INSTRUCTIONS TO FOLLOW: Nothing but the lines from the top of the data to the line holding "Nova Men 3/4" should be printed, word for word and both ends included; leave the pictures out.

■ ■ ■ ■ ■ ■ ■

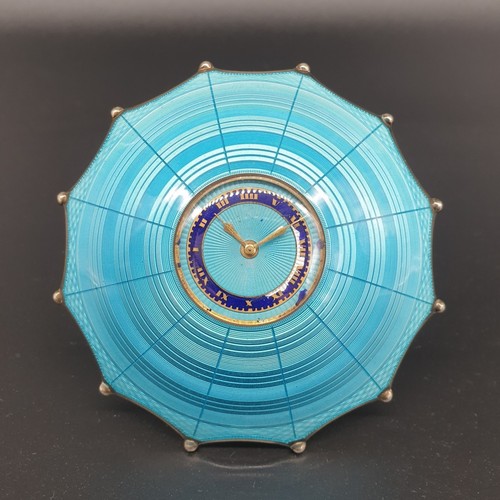 129 - An early 20th century Swiss .935 silver and blue guilloche enamel novelty umbrella timepiece, stampe...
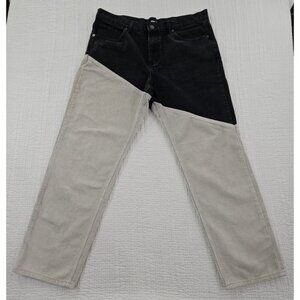 Nova Men 3/4 White Corduroy Jeans Men's 36x30 Black Straight Leg Relaxed Fit EUC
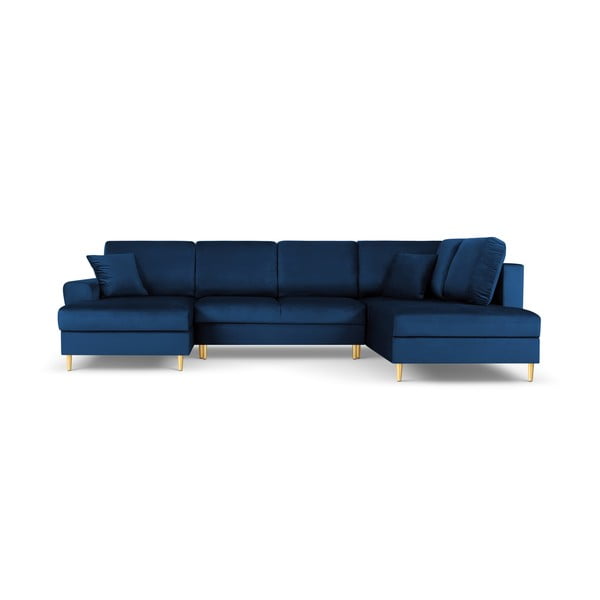 Zils samta salokāms stūra dīvāns ar uzglabāšanas vietu (ar labo stūri/U veida) Kyoto – Cosmopolitan Design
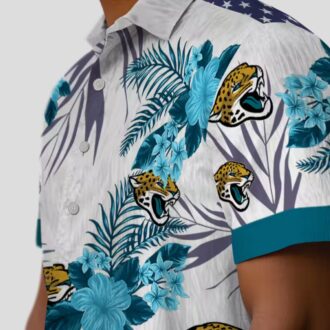 Jacksonville Jaguars Patriotic Hawaiian Shirt – Teal & White Hibiscus Design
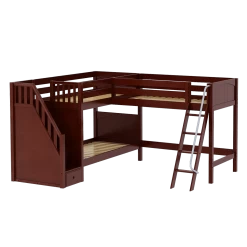 Maxtrix Twin Medium Corner Loft Bunk Bed With Ladder + Stairs - L 20 Maxtrix Twin Medium Corner Loft Bunk Bed With Ladder + Stairs - L -Kid Furniture TRIVIUM CP 1ec9889c 9907 4bd8 9b06 85d45ac65866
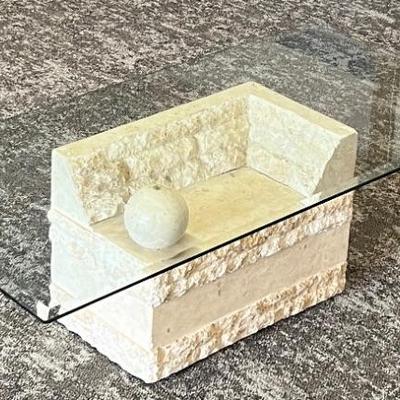 Magnussen Presidential Furniture Faux Stone Tessellated Sphere Beveled Glass Coffee Table 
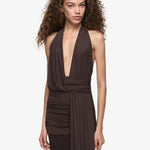 Bec and Bridge Cassis Drape Maxi Dress in Dark Chocolate Front View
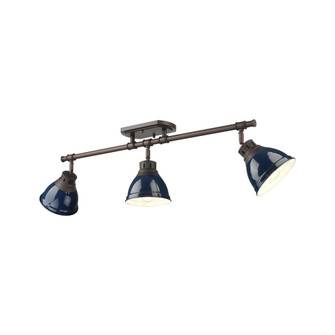 Yep by Golden Lighting Duncan 3-light Semi-Flush Mount in Rubbed Bronze and Navy Blue shade (36|3602-3SF RBZ-NVY)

■ ■ ■ ■ ■ ■ ■

SOLUTION TO THE EXERCISE:
 129 - An early 20th century Swiss .935 silver and blue guilloche enamel novelty umbrella timepiece, stampe...
 Nova Men 3/4 White Corduroy Jeans Men's 36x30 Black Straight Leg Relaxed Fit EUC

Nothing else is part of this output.